Comparison of Human and Machine Scoring of Essays: Differences by Gender, Ethnicity, and Country NLP
- Author(s):
- Bridgeman, Brent; Trapani, Catherine S.; Attali, Yigal
- Publication Year:
- 2014
- Source:
- Wendler, Cathy; Bridgeman, Brent (eds.) with assistance from Chelsea Ezzo. The Research Foundation for the GRE revised General Test: A Compendium of Studies. Princeton, NJ: Educational Testing Service, 2014, p4.8.1-4.8.3
- Document Type:
- Chapter
- Page Count:
- 3
- Subject/Key Words:
- Group Identity, Graduate Record Examination (GRE), Revised GRE, Cultural Pluralism, Ethnic Groups, Standard Deviations, Multiculturalism, Automated Scoring and Natural Language Processing, NLP-Related Measurement Research
Abstract
Describes a study that investigated differences in scores produced by humans and e-rater by gender, ethnicity, and country of origin.

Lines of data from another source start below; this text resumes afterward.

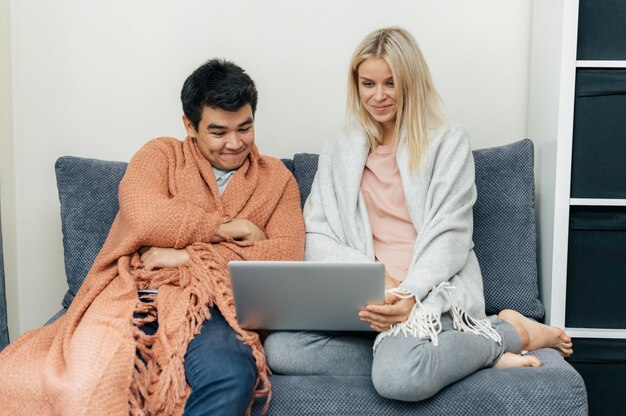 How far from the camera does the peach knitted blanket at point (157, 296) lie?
1607 mm

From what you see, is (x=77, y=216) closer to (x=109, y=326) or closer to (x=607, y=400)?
(x=109, y=326)

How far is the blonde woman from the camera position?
179cm

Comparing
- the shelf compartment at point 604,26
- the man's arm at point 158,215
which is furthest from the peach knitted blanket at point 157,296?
the shelf compartment at point 604,26

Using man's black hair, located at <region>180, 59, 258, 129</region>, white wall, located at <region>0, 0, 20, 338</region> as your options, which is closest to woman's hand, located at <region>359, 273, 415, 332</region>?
man's black hair, located at <region>180, 59, 258, 129</region>

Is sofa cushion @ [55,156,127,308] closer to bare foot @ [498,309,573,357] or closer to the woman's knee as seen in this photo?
the woman's knee

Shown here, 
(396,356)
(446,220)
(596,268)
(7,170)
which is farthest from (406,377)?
(7,170)

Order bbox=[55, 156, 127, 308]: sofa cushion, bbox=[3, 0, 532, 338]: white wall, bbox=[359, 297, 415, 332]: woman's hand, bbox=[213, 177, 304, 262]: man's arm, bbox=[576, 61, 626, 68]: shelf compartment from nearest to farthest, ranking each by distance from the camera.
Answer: bbox=[359, 297, 415, 332]: woman's hand, bbox=[213, 177, 304, 262]: man's arm, bbox=[576, 61, 626, 68]: shelf compartment, bbox=[55, 156, 127, 308]: sofa cushion, bbox=[3, 0, 532, 338]: white wall

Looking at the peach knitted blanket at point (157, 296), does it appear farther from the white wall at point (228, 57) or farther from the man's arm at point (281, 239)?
the white wall at point (228, 57)

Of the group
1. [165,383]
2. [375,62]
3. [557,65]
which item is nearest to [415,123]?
[375,62]

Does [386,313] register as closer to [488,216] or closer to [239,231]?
[239,231]

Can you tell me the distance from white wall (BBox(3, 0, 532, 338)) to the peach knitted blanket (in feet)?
1.49

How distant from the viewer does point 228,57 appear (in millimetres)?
2533

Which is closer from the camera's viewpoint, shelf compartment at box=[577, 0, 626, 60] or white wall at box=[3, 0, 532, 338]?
shelf compartment at box=[577, 0, 626, 60]

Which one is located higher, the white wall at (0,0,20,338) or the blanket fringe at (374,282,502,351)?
the white wall at (0,0,20,338) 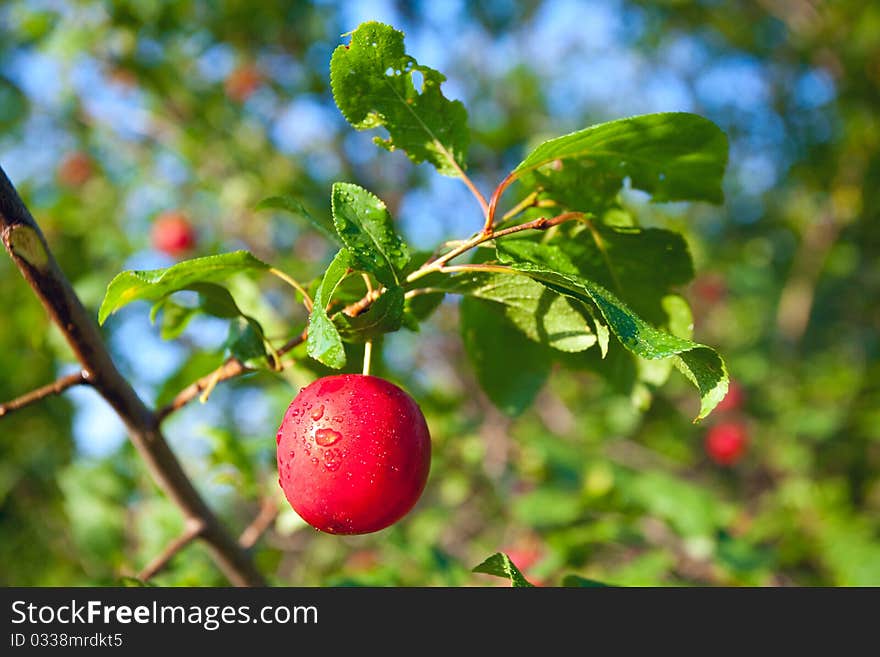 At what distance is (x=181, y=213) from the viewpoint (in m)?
3.52

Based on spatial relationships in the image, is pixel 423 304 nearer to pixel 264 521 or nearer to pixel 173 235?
pixel 264 521

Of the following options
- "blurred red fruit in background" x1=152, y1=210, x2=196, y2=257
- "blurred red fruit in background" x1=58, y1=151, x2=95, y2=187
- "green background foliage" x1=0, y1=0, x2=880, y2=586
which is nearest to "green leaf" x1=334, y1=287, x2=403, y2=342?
"green background foliage" x1=0, y1=0, x2=880, y2=586

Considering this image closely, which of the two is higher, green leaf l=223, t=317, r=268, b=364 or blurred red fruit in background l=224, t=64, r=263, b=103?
green leaf l=223, t=317, r=268, b=364

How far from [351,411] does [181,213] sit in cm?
312

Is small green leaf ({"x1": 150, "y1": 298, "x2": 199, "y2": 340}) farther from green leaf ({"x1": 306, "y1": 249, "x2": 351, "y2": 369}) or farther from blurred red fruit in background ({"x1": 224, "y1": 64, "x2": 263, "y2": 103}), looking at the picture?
blurred red fruit in background ({"x1": 224, "y1": 64, "x2": 263, "y2": 103})

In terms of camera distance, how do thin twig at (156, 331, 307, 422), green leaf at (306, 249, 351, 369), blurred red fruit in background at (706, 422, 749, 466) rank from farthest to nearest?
blurred red fruit in background at (706, 422, 749, 466) → thin twig at (156, 331, 307, 422) → green leaf at (306, 249, 351, 369)

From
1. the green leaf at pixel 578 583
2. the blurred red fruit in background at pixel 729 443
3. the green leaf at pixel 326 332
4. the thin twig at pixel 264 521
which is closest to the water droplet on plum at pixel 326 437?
the green leaf at pixel 326 332

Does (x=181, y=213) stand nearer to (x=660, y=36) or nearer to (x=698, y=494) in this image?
(x=698, y=494)

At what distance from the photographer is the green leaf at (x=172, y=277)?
77 cm

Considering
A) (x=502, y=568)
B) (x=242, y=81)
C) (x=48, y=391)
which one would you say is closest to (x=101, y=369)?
(x=48, y=391)

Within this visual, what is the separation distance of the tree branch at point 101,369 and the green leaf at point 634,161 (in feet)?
1.67

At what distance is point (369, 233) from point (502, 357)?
13.6 inches

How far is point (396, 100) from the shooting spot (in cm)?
82

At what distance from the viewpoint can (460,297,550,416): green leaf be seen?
3.16 ft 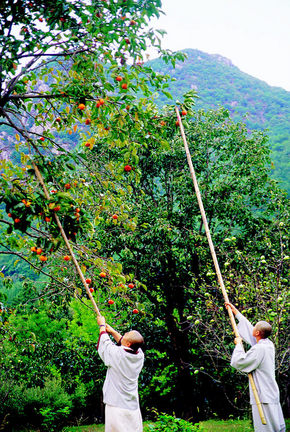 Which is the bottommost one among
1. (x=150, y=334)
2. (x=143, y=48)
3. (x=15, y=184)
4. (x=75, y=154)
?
(x=150, y=334)

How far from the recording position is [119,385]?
373cm

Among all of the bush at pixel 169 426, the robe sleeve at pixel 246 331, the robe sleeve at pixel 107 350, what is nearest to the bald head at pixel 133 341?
the robe sleeve at pixel 107 350

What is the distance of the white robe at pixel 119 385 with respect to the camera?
3693mm

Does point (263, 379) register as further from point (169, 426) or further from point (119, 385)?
point (169, 426)

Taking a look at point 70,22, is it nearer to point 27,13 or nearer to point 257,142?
point 27,13

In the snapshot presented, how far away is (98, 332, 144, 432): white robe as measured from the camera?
369cm

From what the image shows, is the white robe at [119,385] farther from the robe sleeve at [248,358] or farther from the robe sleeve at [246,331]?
the robe sleeve at [246,331]

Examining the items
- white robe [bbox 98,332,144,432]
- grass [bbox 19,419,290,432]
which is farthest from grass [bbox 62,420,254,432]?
white robe [bbox 98,332,144,432]

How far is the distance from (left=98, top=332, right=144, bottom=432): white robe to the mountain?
8.55m

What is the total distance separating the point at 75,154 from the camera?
4449 mm

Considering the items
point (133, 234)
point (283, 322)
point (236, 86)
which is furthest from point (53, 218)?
point (236, 86)

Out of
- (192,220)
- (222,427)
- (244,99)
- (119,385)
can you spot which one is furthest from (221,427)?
(244,99)

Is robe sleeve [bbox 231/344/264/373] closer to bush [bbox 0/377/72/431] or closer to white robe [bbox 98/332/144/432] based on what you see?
white robe [bbox 98/332/144/432]

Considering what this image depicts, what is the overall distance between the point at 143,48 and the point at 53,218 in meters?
2.06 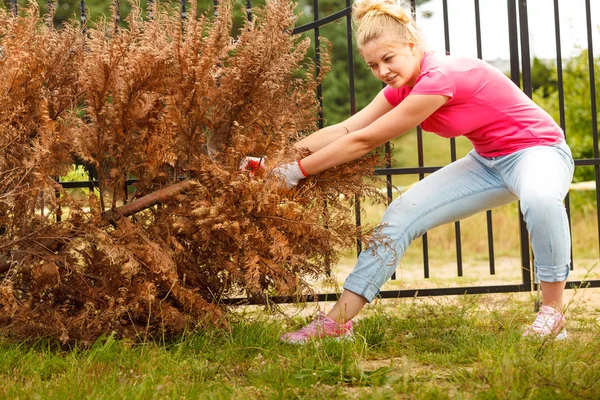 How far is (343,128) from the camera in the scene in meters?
3.30

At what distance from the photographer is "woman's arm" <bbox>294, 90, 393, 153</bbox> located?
318cm

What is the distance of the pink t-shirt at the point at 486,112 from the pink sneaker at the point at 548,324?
72cm

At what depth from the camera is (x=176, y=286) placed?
115 inches

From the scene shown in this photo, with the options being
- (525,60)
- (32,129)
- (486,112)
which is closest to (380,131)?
(486,112)

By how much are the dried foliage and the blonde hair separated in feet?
1.08

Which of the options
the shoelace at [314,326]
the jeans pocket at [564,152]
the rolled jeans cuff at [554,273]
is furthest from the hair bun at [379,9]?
the shoelace at [314,326]

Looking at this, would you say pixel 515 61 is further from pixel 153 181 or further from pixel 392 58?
pixel 153 181

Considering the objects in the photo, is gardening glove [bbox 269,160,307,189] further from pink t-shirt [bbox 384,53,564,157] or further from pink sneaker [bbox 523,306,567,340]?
pink sneaker [bbox 523,306,567,340]

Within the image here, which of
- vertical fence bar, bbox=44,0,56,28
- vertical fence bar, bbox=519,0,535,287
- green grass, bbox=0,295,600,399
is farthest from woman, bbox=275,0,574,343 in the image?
vertical fence bar, bbox=44,0,56,28

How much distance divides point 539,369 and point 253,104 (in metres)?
1.51

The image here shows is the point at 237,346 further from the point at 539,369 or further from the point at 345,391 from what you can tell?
the point at 539,369

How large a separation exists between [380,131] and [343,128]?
29cm

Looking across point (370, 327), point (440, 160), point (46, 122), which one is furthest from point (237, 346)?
point (440, 160)

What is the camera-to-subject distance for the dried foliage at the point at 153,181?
2.85 m
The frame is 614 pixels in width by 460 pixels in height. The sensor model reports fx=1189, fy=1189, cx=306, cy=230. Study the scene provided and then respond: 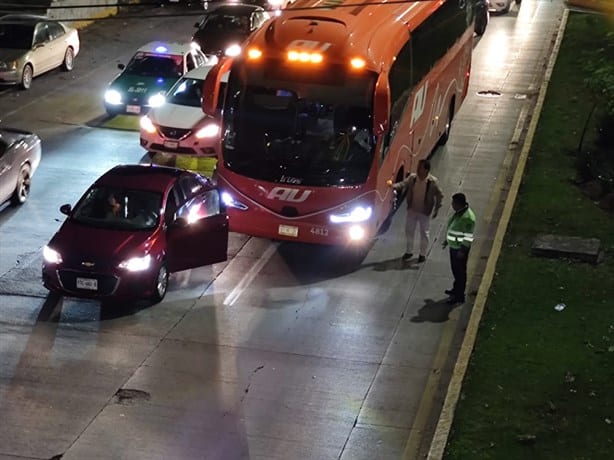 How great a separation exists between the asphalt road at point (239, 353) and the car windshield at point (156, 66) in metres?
5.27

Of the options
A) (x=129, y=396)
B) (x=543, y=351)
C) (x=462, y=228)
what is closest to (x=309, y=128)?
(x=462, y=228)

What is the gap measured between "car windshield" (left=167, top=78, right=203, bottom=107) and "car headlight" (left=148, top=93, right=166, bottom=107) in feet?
0.61

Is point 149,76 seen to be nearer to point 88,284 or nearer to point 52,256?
point 52,256

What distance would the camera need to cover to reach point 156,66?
89.8ft

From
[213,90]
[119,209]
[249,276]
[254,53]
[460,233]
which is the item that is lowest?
[249,276]

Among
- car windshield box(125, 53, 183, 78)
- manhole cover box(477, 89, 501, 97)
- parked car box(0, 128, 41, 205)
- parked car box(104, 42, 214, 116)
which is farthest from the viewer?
manhole cover box(477, 89, 501, 97)

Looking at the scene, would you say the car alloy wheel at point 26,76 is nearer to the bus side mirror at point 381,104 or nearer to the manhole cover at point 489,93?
the manhole cover at point 489,93

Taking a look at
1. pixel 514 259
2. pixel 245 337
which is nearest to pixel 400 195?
pixel 514 259

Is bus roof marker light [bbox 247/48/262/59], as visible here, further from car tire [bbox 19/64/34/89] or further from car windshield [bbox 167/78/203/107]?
car tire [bbox 19/64/34/89]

For most groups studied, the average scores produced by e-rater and human raters were almost identical. A notable exception was essays from mainland China that received much higher ratings from e-rater than from human raters. This finding was especially puzzling because such differences were not noted in other Asian countries, or even in Taiwan, which shares the same language as mainland China. This study provided additional support for the use of a check score model for the GRE Analytical Writing measure, rather than averaging the human and e-rater scores.